Recall that attention can be viewed as an operation on a query $q\in\mathbb{R}^d$, a set of value vectors $\{v_1,\dots,v_n\}, v_i\in\mathbb{R}^d$, and a set of key vectors $\{k_1,\dots,k_n\}, k_i \in \mathbb{R}^d$, specified as

\begin{align}
c &= \sum_{i=1}^{n} v_i \alpha_i \\
\alpha_i &= \frac{\exp(k_i^\top q)}{\sum_{j=1}^{n} \exp(k_j^\top q)} \\
\end{align}

where $\alpha_i$ are frequently called the "attention weights", and the output $c\in\mathbb{R}^d$ is a correspondingly weighted average over the value vectors.

### Self-Attention
In Transformers, we perform self-attention, which means that the values, keys and query are derived from the input $X \in \mathbb{R}^{\ell \times d}$, where $\ell$ is our sequence length. Specifically, we learn parameter matrices $V,K,Q \in \mathbb{R}^{d\times d}$ to map our input $X$ as follows:

\begin{align}
v_i = Vx_i\ \ i \in \{1,\dots,\ell\}\\
k_i = Kx_i\ \ i \in \{1,\dots,\ell\}\\
q_i = Qx_i\ \ i \in \{1,\dots,\ell\}
\end{align}

### Multi-Headed Scaled Dot-Product Attention
In the case of multi-headed attention, we learn a parameter matrix for each head, which gives the model more expressivity to attend to different parts of the input. Let $h$ be number of heads, and $Y_i$ be the attention output of head $i$. Thus we learn individual matrices $Q_i$, $K_i$ and $V_i$. To keep our overall computation the same as the single-headed case, we choose $Q_i \in \mathbb{R}^{d\times d/h}$, $K_i \in \mathbb{R}^{d\times d/h}$ and $V_i \in \mathbb{R}^{d\times d/h}$. Adding in a scaling term $\frac{1}{\sqrt{d/h}}$ to our simple dot-product attention above, we have

$$
Y_i = \text{softmax}\bigg(\frac{(XQ_i)(XK_i)^\top}{\sqrt{d/h}}\bigg)(XV_i)
$$

where $Y_i\in\mathbb{R}^{\ell \times d/h}$, where $\ell$ is our sequence length.

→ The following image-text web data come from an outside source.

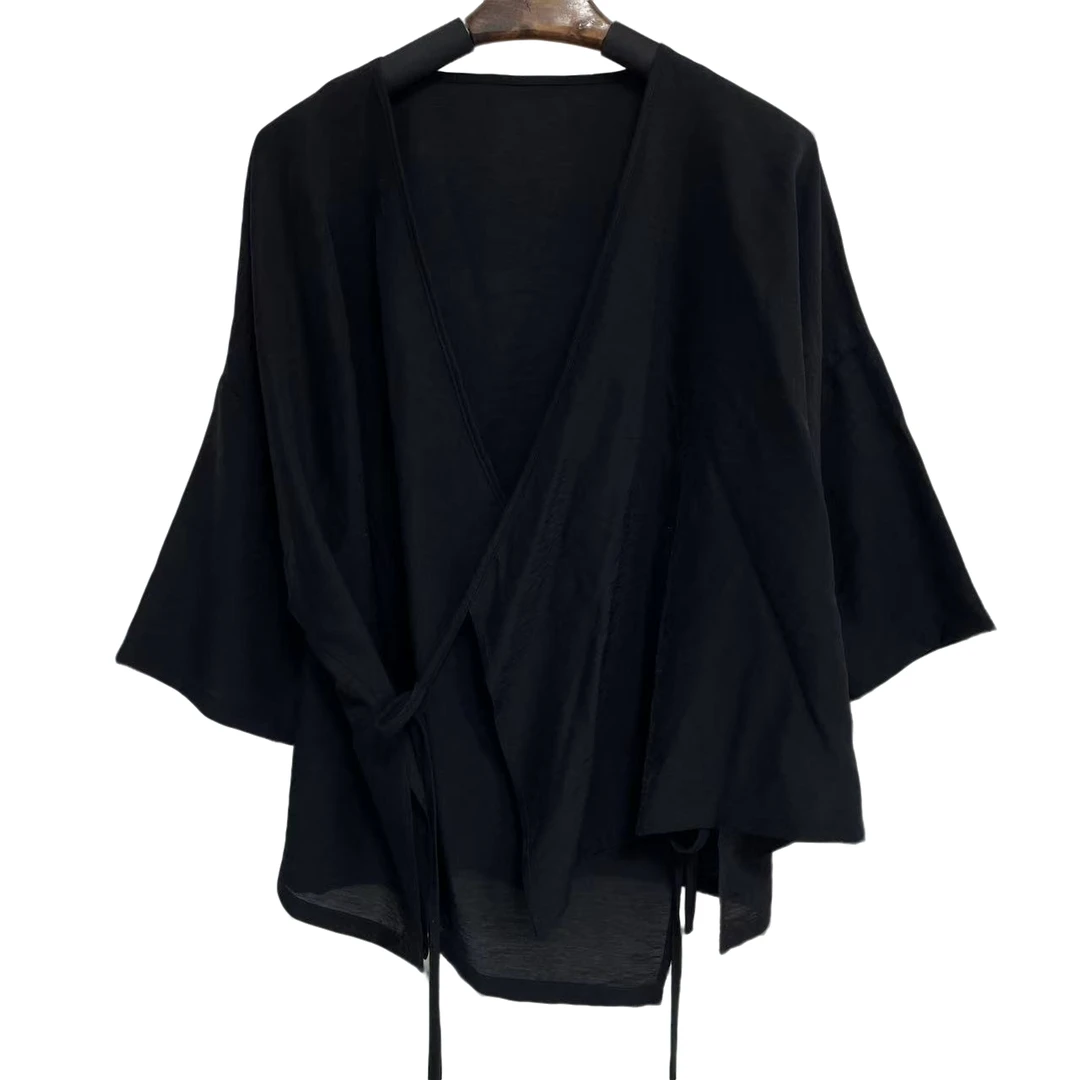 恬小霓（玲玲姐精选）9513/黑色/天丝麻/系绳/不规则/外搭上衣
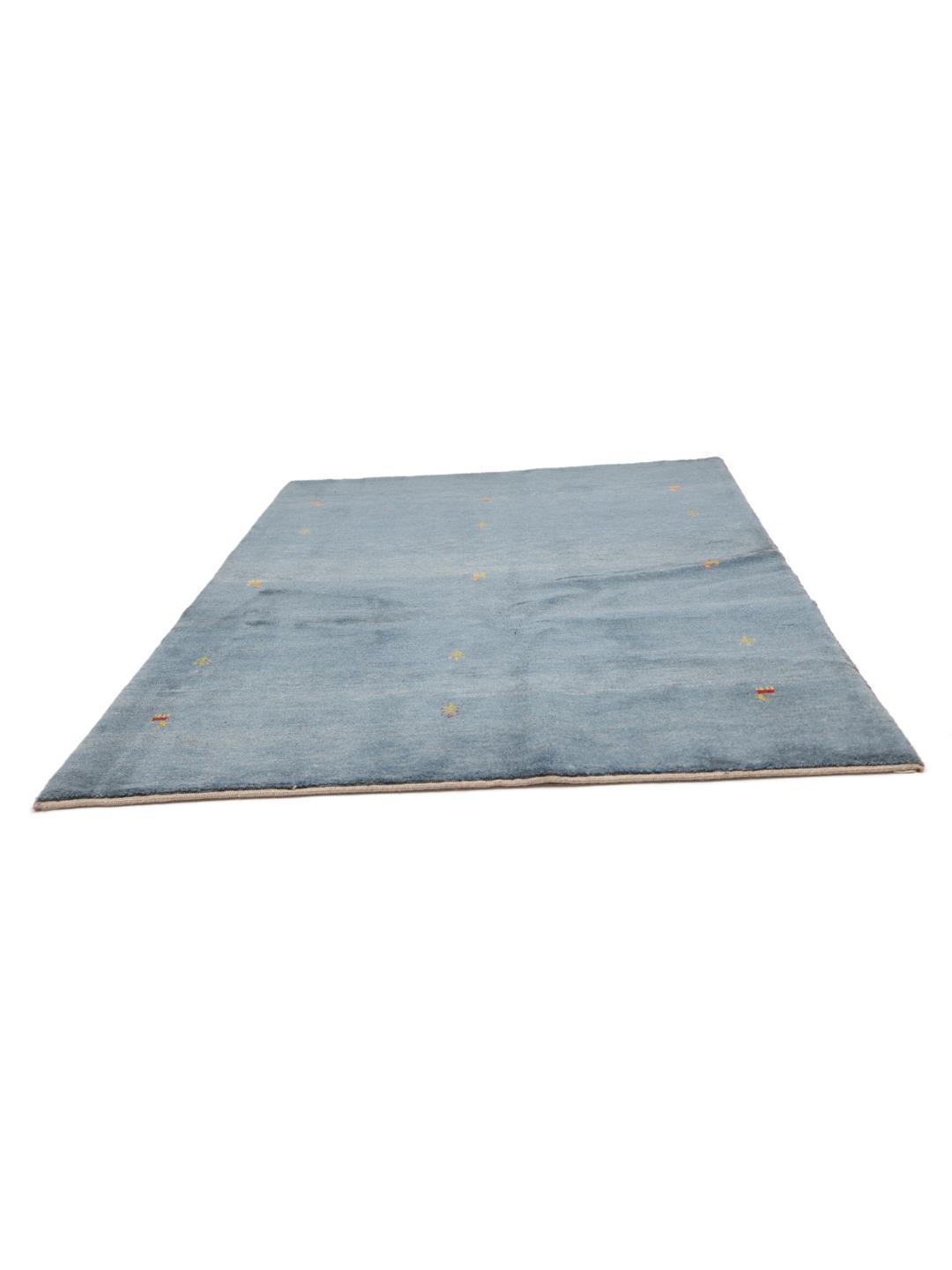 Handgeknoopt blauw Shabargan-tapijt met minimalistische motieven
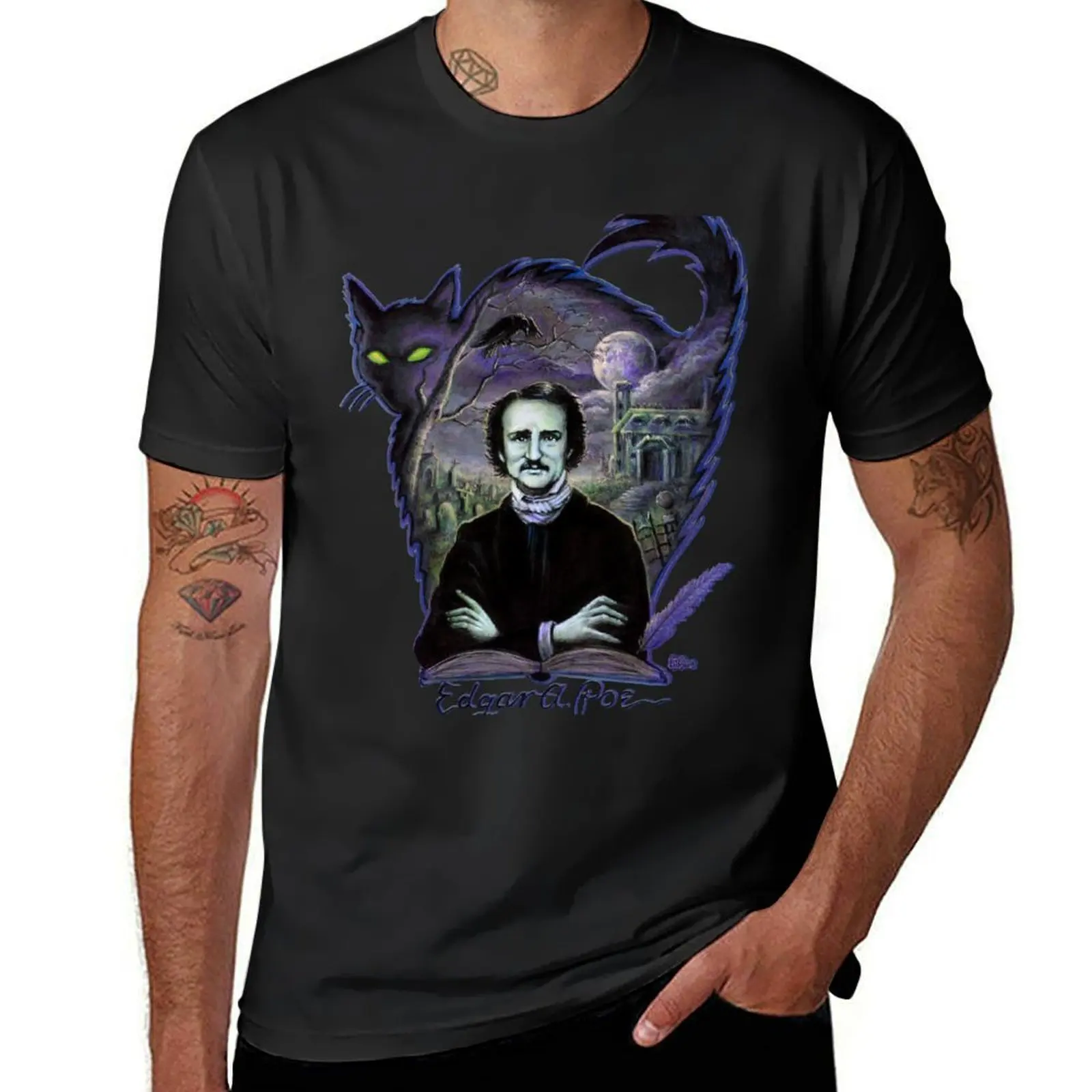 Edgar Allan Poe Gothic T-Shirt quick drying for a boy black t shirts for men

In our implementation, we apply dropout to the attention weights (though in practice it could be used at any step):

$$
Y_i = \text{dropout}\bigg(\text{softmax}\bigg(\frac{(XQ_i)(XK_i)^\top}{\sqrt{d/h}}\bigg)\bigg)(XV_i)
$$

Finally, then the output of the self-attention is a linear transformation of the concatenation of the heads:

\begin{equation}
Y = [Y_1;\dots;Y_h]A
\end{equation}

were $A \in\mathbb{R}^{d\times d}$ and $[Y_1;\dots;Y_h]\in\mathbb{R}^{\ell \times d}$.

# Positional Encoding

While transformers are able to easily attend to any part of their input, the attention mechanism has no concept of token order. However, for many tasks (especially natural language processing), relative token order is very important. To recover this, the authors add a positional encoding to the embeddings of individual word tokens.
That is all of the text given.